Instructions to follow
Within the data below, how many lines contain "года"? Reply with the number only.

---- Information provided

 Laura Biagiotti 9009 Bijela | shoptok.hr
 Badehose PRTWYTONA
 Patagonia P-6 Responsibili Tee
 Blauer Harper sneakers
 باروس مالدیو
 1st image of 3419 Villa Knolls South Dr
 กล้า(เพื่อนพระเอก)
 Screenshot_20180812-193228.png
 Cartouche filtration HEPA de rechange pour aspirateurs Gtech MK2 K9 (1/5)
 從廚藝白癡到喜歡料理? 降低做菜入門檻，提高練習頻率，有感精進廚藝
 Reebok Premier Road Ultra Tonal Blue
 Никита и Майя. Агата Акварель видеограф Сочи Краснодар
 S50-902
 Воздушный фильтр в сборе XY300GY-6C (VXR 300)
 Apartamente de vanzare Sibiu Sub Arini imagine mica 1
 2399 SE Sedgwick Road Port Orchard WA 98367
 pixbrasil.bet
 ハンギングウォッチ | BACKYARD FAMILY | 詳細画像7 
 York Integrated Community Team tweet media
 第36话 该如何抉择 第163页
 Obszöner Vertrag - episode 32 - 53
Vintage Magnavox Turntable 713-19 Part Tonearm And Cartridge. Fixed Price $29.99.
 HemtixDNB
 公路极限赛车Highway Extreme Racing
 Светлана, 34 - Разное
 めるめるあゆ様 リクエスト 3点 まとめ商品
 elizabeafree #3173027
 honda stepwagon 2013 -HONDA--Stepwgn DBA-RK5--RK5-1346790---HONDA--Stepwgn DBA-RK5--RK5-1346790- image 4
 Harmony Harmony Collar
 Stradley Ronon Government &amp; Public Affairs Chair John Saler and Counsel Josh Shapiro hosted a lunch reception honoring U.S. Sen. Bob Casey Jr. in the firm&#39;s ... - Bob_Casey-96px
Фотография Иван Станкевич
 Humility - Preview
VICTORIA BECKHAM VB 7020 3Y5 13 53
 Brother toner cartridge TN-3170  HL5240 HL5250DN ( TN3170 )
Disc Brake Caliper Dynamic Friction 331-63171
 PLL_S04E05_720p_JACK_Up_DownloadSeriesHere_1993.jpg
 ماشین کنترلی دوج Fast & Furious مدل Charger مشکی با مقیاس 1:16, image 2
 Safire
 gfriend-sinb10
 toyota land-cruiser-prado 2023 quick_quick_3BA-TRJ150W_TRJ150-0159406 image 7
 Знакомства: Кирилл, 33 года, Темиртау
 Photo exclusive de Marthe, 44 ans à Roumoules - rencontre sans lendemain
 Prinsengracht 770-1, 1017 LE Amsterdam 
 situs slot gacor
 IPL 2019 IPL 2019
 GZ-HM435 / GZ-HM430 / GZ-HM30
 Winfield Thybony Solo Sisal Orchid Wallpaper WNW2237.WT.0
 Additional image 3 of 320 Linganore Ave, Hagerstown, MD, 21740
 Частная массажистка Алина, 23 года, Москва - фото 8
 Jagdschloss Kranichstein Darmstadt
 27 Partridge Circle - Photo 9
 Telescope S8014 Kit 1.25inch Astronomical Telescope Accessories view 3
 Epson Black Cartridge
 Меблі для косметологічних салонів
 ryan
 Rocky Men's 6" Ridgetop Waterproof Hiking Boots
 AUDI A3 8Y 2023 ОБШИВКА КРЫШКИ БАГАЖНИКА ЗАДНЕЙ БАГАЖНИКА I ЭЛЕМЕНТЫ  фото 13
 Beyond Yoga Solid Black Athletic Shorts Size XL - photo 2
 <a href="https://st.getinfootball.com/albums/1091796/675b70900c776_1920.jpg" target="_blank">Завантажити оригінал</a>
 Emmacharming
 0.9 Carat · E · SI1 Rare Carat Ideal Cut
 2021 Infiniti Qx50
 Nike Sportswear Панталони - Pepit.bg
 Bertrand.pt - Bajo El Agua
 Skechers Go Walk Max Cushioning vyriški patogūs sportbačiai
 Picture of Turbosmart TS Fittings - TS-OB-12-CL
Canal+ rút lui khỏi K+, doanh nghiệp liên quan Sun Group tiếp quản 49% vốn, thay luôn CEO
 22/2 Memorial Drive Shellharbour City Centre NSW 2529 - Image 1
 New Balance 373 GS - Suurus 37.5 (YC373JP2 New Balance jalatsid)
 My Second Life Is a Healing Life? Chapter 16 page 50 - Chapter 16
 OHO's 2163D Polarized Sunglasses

--------

Answer for the task
2